To support timeouts and cancelation of goroutine work, the standard mechanism is to use context.Context.

ctx := context.Background() // root context

// wrap the context with a timeout and/or cancelation mechanism

ctx, cancel := context.WithTimeout(ctx, 5*time.Second) // with timeout or cancel
//ctx, cancel := context.WithCancel(ctx)               // no   timeout just cancel

defer cancel() // avoid memory leak if we never cancel/timeout

Next your worker goroutines need to support taking and monitoring the state of the ctx. To do this in parallel with the time.Sleep (to mimic a long computation), convert the sleep to a channel based solution:

// mimic api call 1
func doSomeWork(ctx context.Context) (function1, error) {
    //time.Sleep(10 * time.Second)
    select {
    case <-time.After(10 * time.Second):
        // wait completed
    case <-ctx.Done():
        return function1{}, ctx.Err()
    }
    // ...
}

And if one worker goroutine fails, to signal to the other worker that the request should be aborted, simply call the cancel() function.

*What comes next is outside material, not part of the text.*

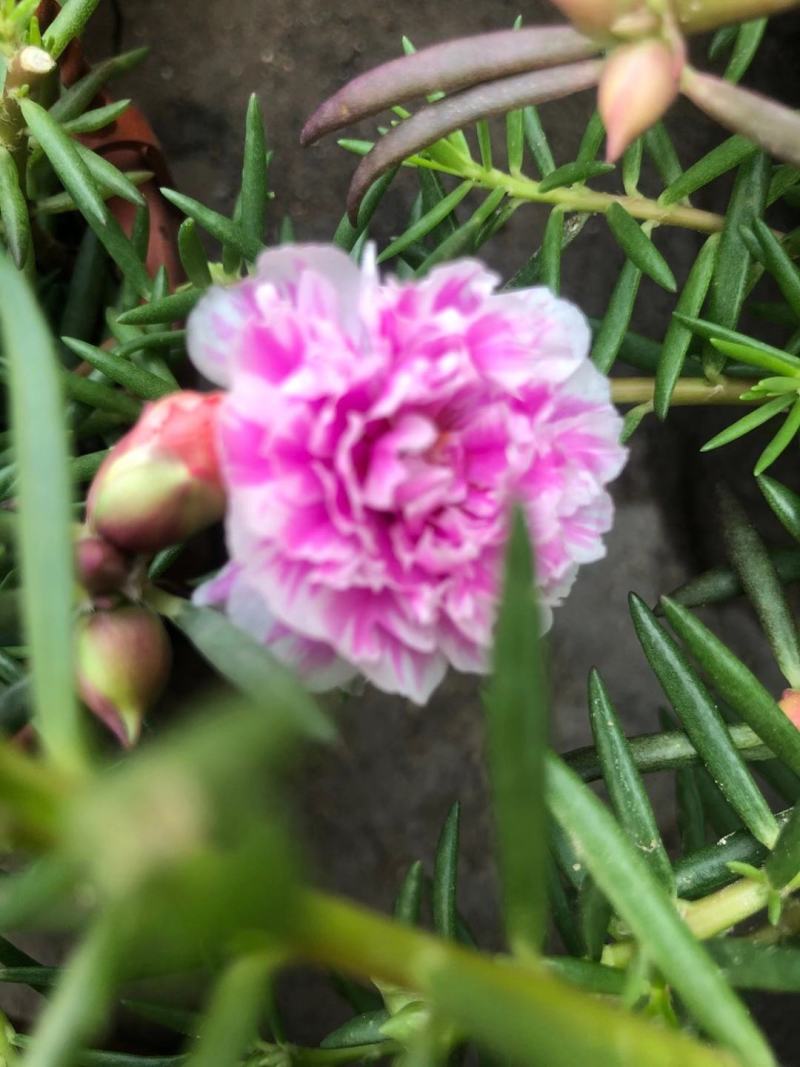 太阳花盆栽庭院阳台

result, e := doSomeWork(ctx)
if e != nil {
    cancel()    // <- add this
    err <- e
    return
}

Pulling this all together:

https://play.golang.org/p/1Kpe_tre7XI


EDIT: the sleep example above is obviously a contrived example of how to abort a "fake" task. In the real world, http or SQL DB calls would be involve - and since go 1.7 & 1.8 - the standard library added context support to any of these potentially blocking calls:

func doSomeWork(ctx context.Context) (error) 

    // DB

    db, err := sql.Open("mysql", "...") // check err

    //rows, err := db.Query("SELECT age from users", age)
    rows, err := db.QueryContext(ctx, "SELECT age from users", age)
    if err != nil {
        return err // will return with error if context is canceled
    }

    // http

    // req, err := http.NewRequest("GET", "http://example.com", nil)
    req, err := http.NewRequestWithContext(ctx, "GET", "http://example.com", nil) // check err

    resp, err := http.DefaultClient.Do(req)
    if err != nil {
        return err // will return with error if context is canceled
    }

}

EDIT (2): to poll a context's state without blocking, leverage select's default branch:

 select {
 case <-ctx.Done():
     return ctx.Err()
 default:
     // if ctx is not done - this branch is used
 }

the default branch can optional have code in it, but even if it is empty of code it's presence will prevent blocking - and thus just poll the status of the context in that instant of time.

7 Comments

Beat me to it. The cancelFunc() is sometimes excessive though. It can be omitted if one can assert that context cancellation will occur anyway. (Which is the case for context.WithTimeout(); the cancelFunc is just an added bonus for even earlier cancellation in this case)
From the code that you shared for doSomeWork function, since select is a blocking call, how will the go routine perform the work it intends to do? suppose that this go routine had to fetch data from db, where and how should the statement to fetch data be put in the code? At the same time, I want to keep listening to the context.Done signal to come in from the parent go routine.
@colm.anseo thanks for your answer. It did help me. Just 1 more thing. How would the last function in the chain which receives the context, look like? func lastFuncToReceiveContext(ctx context.Context) error { select { case <-ctx.Done(): return ctx.Err() } // Some processing code here. } Since the select statement is a blocking call, the processing statements in this func never execute (Please correct if am wrng). If a put this select in an infinite for and another go routine, I will need to handle the cancel context in the new routine I create too. Can you help please?
@Eshan final update: on how to avoid blocking by polling a context's state instead.
@colm.anseo yes, I agree that default would unblock the select but once it goes to default, it would never go back to the other case. Assuming that I put my processing instructions in the default case, and during the time when default case is getting executed, if context gets cancelled, it would still execute completely. Don't you think? If I put the entire thing in an infinite for loop (to check the context.done repeatedly), the default case may execute multiple times which isn't what I need.